Main System Design Diagrams




Description

The user interacts with Gesture Recorder MFC, which has various selections like, whether to record live or import video, record a gesture or pose, etc.

The front-end MFC writes user selections into backEndConfig.json file, which can be read by the gesture recorder back-end python programs.

Click the launch button to run the gesture recorder with selected options and do the recording.

When recording is done, the gesture recorder will generate raw data of recorded pose or gesture, with corresponding pictures or gifs of it. The data will be loaded by MotionInput MFC.
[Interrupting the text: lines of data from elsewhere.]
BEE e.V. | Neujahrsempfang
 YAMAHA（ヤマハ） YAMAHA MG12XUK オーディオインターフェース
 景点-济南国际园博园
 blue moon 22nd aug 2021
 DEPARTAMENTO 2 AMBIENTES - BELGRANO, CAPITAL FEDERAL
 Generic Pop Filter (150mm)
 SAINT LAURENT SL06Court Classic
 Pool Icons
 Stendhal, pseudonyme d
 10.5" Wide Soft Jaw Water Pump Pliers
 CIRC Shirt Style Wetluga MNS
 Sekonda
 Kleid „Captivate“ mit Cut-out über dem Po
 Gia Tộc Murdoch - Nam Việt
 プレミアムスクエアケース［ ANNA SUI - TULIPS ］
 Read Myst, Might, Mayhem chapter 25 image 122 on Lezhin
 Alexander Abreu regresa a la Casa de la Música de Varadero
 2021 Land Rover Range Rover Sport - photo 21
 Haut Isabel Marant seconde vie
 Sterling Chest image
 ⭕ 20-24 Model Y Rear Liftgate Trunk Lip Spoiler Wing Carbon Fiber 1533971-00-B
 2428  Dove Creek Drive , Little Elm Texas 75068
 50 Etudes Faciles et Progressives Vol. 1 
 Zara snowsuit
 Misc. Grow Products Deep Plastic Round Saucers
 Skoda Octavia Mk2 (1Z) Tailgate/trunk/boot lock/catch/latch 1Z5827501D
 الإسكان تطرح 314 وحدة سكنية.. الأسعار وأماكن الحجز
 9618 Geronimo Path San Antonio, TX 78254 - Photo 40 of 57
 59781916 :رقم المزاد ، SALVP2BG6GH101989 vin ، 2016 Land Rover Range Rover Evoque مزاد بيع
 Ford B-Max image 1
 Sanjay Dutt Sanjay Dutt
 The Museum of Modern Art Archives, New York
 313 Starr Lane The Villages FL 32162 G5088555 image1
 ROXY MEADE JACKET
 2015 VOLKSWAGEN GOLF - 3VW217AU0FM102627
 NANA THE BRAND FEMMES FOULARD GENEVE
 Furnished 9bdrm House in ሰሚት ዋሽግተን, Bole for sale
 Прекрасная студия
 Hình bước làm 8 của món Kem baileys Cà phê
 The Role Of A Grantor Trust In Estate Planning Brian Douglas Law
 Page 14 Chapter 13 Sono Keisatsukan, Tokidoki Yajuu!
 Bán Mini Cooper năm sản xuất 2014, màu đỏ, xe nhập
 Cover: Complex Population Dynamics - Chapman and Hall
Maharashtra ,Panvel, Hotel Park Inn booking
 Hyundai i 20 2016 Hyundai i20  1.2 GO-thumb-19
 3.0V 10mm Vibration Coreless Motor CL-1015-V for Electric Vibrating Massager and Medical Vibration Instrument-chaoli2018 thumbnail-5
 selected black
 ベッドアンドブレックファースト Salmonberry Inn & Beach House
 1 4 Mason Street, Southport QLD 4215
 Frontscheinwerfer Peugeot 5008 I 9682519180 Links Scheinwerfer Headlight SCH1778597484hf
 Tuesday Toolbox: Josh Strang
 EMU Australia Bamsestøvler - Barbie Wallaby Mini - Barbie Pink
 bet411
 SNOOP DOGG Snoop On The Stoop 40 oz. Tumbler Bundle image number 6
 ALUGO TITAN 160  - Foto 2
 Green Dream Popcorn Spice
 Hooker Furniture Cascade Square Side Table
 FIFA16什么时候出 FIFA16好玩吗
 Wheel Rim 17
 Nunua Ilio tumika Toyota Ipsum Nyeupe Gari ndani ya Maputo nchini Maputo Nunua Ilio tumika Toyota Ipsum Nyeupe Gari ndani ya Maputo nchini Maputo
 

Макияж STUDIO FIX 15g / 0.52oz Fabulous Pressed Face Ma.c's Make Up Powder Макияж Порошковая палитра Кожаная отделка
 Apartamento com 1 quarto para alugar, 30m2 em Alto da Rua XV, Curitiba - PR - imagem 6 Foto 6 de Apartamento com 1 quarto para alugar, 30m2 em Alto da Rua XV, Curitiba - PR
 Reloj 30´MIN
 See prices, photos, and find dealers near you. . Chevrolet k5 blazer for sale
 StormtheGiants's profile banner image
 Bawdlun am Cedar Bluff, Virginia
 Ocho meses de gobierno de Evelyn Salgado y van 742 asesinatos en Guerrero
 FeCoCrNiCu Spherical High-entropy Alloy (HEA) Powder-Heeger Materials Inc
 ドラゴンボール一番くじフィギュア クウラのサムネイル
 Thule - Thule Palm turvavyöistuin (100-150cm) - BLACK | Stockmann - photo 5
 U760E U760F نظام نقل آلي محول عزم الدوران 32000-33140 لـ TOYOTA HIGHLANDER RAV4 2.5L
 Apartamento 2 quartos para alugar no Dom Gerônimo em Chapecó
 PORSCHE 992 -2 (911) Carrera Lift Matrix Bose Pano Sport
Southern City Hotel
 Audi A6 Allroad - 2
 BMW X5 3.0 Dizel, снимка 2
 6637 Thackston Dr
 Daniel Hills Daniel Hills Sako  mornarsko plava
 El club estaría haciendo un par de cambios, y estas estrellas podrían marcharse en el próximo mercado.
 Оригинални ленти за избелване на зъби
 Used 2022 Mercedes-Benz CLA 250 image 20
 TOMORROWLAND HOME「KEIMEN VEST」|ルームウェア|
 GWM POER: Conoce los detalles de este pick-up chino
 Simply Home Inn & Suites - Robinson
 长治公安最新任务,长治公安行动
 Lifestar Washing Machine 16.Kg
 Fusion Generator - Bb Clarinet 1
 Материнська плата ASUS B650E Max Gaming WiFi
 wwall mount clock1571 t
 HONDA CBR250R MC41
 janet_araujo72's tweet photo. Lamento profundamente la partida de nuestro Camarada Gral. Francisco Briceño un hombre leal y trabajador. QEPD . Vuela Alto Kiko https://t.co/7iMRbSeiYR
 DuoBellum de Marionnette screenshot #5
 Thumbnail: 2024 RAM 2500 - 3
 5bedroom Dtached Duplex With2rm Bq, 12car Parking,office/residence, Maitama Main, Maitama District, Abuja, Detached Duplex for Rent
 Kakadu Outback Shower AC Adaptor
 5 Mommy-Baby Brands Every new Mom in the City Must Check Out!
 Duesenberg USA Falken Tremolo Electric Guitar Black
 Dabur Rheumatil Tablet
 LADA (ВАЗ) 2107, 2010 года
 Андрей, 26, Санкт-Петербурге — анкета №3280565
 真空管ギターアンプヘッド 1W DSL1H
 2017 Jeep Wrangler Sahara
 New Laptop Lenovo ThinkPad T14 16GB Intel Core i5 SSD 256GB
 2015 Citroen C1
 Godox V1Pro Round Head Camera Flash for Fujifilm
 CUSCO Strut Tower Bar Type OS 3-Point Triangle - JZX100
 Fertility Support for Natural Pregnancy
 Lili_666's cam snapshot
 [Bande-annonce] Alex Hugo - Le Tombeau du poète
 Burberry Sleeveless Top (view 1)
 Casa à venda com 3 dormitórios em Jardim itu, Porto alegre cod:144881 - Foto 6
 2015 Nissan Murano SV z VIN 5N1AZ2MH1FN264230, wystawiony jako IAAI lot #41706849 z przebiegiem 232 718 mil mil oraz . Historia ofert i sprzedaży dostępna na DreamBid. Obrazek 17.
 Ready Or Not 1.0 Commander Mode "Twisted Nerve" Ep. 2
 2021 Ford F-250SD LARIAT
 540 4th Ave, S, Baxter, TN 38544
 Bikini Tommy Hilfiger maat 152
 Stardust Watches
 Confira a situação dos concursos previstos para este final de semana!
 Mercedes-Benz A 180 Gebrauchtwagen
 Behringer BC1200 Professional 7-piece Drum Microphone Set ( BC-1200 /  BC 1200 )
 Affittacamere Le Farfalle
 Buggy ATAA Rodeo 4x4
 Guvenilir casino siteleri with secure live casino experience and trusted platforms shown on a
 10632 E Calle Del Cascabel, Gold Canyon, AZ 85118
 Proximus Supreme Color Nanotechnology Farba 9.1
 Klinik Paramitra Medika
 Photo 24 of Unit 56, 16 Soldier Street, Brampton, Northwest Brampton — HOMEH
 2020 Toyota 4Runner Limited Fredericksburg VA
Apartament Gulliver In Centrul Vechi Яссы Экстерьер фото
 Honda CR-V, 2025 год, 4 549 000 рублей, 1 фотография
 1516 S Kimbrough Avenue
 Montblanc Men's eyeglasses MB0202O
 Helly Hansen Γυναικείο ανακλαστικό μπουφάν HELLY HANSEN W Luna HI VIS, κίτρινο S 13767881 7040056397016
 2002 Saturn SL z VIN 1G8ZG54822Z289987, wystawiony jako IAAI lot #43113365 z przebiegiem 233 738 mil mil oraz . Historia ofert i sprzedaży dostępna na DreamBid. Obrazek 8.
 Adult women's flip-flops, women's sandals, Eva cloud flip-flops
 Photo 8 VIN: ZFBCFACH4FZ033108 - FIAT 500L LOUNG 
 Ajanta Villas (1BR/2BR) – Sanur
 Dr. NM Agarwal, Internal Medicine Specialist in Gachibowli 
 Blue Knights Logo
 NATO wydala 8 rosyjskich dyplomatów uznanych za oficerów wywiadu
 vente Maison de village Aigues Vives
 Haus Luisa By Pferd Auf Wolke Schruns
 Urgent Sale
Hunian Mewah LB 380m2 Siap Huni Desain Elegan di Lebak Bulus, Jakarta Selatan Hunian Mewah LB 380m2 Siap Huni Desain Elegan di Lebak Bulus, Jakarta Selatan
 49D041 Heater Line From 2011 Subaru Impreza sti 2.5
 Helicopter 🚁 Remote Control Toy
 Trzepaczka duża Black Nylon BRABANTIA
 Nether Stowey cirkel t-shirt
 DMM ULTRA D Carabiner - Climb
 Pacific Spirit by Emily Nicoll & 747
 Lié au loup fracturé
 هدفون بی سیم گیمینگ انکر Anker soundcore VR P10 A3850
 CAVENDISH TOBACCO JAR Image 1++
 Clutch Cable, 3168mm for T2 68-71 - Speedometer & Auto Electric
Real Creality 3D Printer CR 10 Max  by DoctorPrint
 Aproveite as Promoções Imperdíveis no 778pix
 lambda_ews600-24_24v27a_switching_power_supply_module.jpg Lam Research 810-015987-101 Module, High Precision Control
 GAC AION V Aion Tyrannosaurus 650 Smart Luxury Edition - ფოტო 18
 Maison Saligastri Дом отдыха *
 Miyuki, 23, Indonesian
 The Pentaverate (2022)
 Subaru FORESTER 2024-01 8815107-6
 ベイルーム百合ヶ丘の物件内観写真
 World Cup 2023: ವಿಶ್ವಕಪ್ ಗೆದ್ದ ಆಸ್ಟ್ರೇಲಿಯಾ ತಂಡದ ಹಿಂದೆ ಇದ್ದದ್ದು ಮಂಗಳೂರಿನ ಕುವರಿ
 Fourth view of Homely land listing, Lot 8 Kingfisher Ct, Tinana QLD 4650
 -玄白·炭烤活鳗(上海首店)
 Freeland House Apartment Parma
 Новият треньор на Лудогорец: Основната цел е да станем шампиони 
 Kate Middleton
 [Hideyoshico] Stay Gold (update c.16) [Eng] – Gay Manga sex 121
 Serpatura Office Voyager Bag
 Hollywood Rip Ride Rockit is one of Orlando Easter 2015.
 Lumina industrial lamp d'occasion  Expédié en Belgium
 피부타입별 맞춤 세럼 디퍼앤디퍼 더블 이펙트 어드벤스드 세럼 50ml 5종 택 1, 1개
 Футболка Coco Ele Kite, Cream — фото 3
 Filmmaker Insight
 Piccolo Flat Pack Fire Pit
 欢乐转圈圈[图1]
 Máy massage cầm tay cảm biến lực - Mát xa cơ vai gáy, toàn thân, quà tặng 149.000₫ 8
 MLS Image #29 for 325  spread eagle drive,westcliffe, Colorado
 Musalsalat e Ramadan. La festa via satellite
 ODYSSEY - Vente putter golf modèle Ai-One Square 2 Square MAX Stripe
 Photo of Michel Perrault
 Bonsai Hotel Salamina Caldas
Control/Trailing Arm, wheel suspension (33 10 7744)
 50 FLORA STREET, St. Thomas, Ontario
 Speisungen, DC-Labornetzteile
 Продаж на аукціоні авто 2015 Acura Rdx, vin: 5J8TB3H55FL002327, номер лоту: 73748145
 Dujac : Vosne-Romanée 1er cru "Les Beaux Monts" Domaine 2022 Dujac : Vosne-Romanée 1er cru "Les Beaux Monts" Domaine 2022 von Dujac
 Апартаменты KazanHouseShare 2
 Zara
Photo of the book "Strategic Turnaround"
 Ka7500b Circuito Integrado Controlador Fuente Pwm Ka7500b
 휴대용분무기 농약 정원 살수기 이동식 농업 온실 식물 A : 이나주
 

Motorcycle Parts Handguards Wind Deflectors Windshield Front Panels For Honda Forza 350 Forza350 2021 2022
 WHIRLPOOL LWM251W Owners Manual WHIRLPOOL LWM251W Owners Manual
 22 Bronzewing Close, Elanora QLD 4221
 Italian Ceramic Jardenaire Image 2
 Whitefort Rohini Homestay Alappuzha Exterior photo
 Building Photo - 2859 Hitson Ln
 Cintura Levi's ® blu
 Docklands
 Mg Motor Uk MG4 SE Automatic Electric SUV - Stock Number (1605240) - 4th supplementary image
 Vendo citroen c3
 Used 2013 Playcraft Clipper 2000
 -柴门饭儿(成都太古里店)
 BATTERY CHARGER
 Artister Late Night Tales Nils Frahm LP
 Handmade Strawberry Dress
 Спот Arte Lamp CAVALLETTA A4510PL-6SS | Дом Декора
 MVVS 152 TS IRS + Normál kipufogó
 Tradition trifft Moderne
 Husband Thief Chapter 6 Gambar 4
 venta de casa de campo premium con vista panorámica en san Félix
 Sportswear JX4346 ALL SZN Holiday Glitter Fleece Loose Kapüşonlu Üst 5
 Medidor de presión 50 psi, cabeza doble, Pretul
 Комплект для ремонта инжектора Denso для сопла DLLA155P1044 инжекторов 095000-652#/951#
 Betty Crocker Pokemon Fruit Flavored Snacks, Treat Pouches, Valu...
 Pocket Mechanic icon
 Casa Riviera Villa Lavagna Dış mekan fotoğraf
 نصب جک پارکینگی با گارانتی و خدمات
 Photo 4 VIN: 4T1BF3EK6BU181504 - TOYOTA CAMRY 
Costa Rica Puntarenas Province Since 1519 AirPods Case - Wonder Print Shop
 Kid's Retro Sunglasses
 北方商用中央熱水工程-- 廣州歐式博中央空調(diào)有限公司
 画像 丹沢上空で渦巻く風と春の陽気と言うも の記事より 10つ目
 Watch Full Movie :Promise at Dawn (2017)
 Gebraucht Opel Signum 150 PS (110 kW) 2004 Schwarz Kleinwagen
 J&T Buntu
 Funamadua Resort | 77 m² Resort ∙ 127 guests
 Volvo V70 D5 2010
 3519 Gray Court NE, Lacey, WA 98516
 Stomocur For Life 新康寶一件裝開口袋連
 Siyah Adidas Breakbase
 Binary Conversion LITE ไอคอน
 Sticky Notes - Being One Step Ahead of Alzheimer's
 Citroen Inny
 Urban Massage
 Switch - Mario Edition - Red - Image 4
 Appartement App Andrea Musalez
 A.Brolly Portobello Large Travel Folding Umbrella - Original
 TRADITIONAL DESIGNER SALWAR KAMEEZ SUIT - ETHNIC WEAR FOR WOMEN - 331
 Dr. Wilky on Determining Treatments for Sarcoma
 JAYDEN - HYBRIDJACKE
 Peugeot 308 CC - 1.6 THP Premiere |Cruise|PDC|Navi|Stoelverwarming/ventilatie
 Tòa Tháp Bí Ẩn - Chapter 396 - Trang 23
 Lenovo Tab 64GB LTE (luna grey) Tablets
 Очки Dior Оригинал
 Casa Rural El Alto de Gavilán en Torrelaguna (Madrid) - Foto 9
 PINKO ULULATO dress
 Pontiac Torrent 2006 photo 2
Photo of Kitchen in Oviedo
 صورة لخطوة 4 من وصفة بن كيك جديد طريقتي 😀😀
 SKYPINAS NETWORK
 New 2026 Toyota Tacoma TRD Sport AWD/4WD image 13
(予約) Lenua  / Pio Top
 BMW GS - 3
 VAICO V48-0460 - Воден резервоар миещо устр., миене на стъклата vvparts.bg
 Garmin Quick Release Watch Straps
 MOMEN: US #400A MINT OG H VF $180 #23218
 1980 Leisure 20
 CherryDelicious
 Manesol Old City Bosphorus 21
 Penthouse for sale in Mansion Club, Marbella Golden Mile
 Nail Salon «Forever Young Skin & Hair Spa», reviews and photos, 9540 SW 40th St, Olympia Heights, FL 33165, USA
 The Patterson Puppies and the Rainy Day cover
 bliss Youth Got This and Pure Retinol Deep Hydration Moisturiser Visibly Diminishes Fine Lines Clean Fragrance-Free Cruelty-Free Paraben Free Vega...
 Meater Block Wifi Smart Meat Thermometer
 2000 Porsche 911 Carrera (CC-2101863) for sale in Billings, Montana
Pose & Gesture Recorder Architecture

Pose: a single shape that the user can make with their hand. These are trained from a single image and each frame of the camera feed is compared to the data recorded from the training image.

Gesture: a motion made by the user’s body over a time period, set to 25 frames in our current implementation. The data is trained from this series of frames to construct a motion graph, of which a buffer of an equivalent number of frames is compared to when filled.

The recorders are composed of a single class (each) that handle their respective functions. They initialize a camera and detect hand/body landmarks using the MediaPipe library. The class has several methods, including:

  • __init__: Initializes the class and sets up the camera, number of hands to detect, etc.
  • __del__: Destroys the camera and closes any open windows.
  • get_color: Returns the color of a hand landmark based on whether it is detected or not.
  • draw_landmarks: Draws the landmarks on the frame.
  • draw_info: Draws information such as FPS and detected gestures/poses on the image.
  • save: Saves a gesture/pose to be checked later.
  • load: Loads all gestures/poses from the models’ directory.

A key point regarding this design was how to compose the JSON output files. Our philosophy was that a file should be represented by the minimum data necessary. This was to reduce file size (and by extension, complexity during processing), and to allow flexibility if further fields were required later in development – by not defining them now, we allow for them to be added later.